Unfortunately I don't have anything of this nature of my own I can show you. But I can show something that looks like a unique new variety until the experts turn their eye on it – a fake unique coin! It looks like a bronze coin of Philip I. The style is good, the reverse looks OK, but no such bronze coin is listed in the reference books. In fact, it's the bronze core of another fourée. But no silver coin like this has been recorded either, so it seems to be a previously unknown fourée.
I found this in a batch of crusty coins, covered with a hard crust which had to be removed to find the coin inside. It's quite spongy inside because of corrosion, and the faked silver surface has been lost over time. It would have been imitating an antoninianus, but there weren't any official coins with this combination of features, so it's a mule, with the obverse and reverse imitating coins from the reigns of different emperors. This reverse is known from Gordian III's time. It's the legend that leads to this conclusion. Here it's FORT REDUX, but Philip I's coins only ever had the full text, FORTVNA REDUX. So .. regretfully .. this coin really belongs back up in the section on "ancient fakes."
To find a unique coin, you need to know a bit about the coins you're looking at, and you need to watch carefully on eBay, or go and dig through unsorted coin lots, or buy and clean lots of uncleaned coins. There are so many coins coming onto the market – tens of thousands every year – that it's quite certain that some of them will be unknown types. I've been collecting since 2002, and I'm pretty sure I've let more than one rarity or unique coin go through not knowing what I was doing. I'm a bit more cautious now.
Here's another attempt on my part. I spotted this chunky but badly worn sestertius on eBay. It has a reverse showing Cybele, the Mother Goddess, seated facing right. All the references I could find showed similar coins, but with Cybele facing the other way. So I bought it. For an outlay of $6.50 it was worth the chance that it would be something interesting! And then I asked the assembled experts on Forvm if they could identify it.
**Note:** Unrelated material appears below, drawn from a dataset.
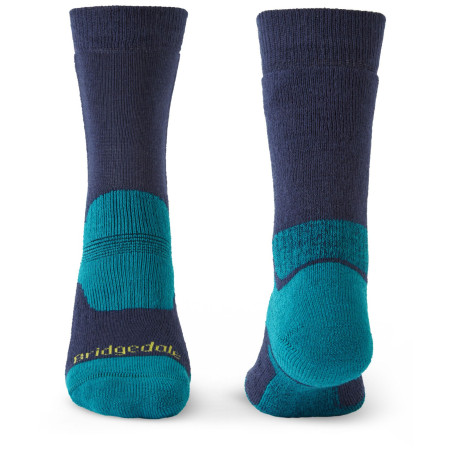 Męskie skarpetki z wełny merino Bridgedale Hike MW MP Boot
Curtis Clay, one of the most knowledgeable experts around, and amazingly generous with his time, spotted it as an ancient fake .. this reverse was only used for Faustina Junior. But he also told me that Cohen and The Roman Imperial Coinage, both very standard references, referred to an example in Paris and mis-identified it as having a IVLIA DOMNA AVG obverse. (It still had to be a fake.) Curtis has a plaster cast of this Paris specimen, and it seems to him to be a double die match to mine. So, Cohen got it wrong, Curtis got it right, and I have a coin which, although not quite unique, is one of only two known specimens and has an interesting story behind it! (well, interesting to ancient coin collectors.)
(But in April 2008, a third specimen turned up, owned by a member of the Forum Classical Numismatics Discussion Board, a worn and holed coin which he had picked up from a dealer's junk box several years ago ... and I bet there are more out there too.)
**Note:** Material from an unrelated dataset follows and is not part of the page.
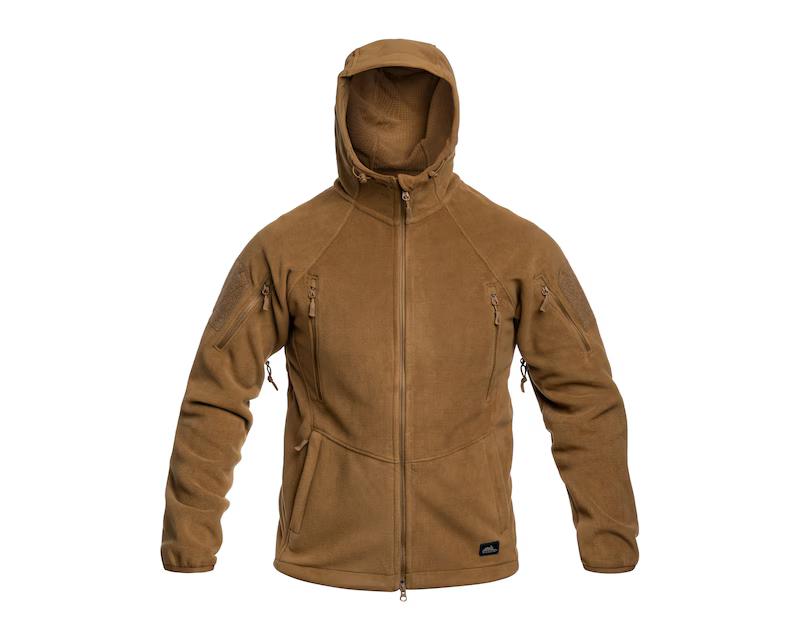 Флісова кофта Helikon Patriot Mk2 Hybrid Fleece - Coyote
Don't start thinking that you can make a fortune. Most unique ancient coins are of such common types that unless there's something else special about them, they will probably only be worth a few pounds or tens of pounds. This is even true of rarities like my Julia Domna sestertius; there are only two documented examples, so maybe only a handful in existence, but value depends on who wants it, and the market for anonymous ancient fakes is not that good.
Finally, please be aware that if you have a unique coin, it might not be unique forever. Someone might be holding another example in their hand right now!
The content of this page was last updated on 18 August 2010.